You can learn more about Grant and his work at the Permaculture Provision Project Facebook page, which you’ll find a link to in the notes below.

I like Grant and his enthusiasm, but realize how this conversation rubs hard against the issue of respecting other cultures. I’m glad for his perspective that this is about working along side the government and the people in the community, rather than forcing a particular vision upon those who are there already working in that space. That this is about elevating that work that and bringing in people who have the sensitivity to not impose external values on the practitioners.

Though I know there are people like Grant or Peter Michael Bauer doing this work of honoring native traditions, it is something that I only understand on a cursory level and certainly need to do a lot more reading and research on to even begin to alleviate my ignorance. If this is an area that you are familiar with and can share any insights, I would greatly appreciate it if you could let me know.

One other piece of the puzzle I would like to hear about are your Aha moments. I want to know how your personal story, your life, connect you to permaculture. What is the part of your experience that made you give a damn about the world we live in and wanting to take an active role in doing something that will make a difference?

Mine comes from when I was around nine years old and wandering with my friend Josh through the farm fields behind his house, building forts on every rock outcropping with sticks we found. His mother would dress us up in his father’s old marine corps BDUs and roll up the sleeves and pants legs so that we didn’t trip over them, using her deft seamstress hands to add a quick stitch here and there so they would stay in place through hours of play, and send us out to get wet, muddy, and safe to trapse through cow pies. We’d slither along stream banks, watch birds, throw dirt clods at each other, look for snakes, but rarely find them, look for spiders, and find them all the time, and generally be a part of nature. Two boys with acres and acres of semi-wild places that we lived in for days on end, only coming in long enough to grab a quick bite to eat before heading out until the sun set, then up the next day for breakfast and to do it all again. Though in recollection it seems like I spent years and years out there in those fields exploring, and dozens more as a cub scout and boy scout, my time in those fields was little more than two seasons. The spring and summer of 1989. That fall I changed schools and did not see Josh again for many years. When I did we were a little bit older, but no longer close, just existing in the memory our friendship and never able to reconnect again.

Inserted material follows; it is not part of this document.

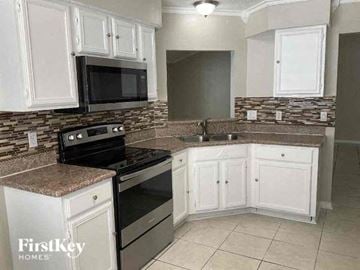 Jacksonville house for rent - A kitchen with a black stove top oven and a black microwave above a counter with a granite counter top.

Though I lost my childhood friend, I never lost my love of Earth. That connection sat there, germinating, as I left the wild places and took a road more civilized. As a teenager I sat at a desk and learned how computers worked and how to program. From time to time I would go camping and hiking, some of those human scale outdoor recreational activities. Then as I had children I took them on nature walks and to talks about salamanders. As I showed my daughter the unbuilt environment, the blueberries and the butterflies, I found that love for Earth I had for so long taking root again. With it came permaculture and an interest in how I interact with the built environment, a desire for smaller spaces, and less stuff. As time passes, I turn away from that world built by humanity and look to the soil, the trees, the plants, the animals, and the people (but not their civilization), and ask myself, how do we save all of this?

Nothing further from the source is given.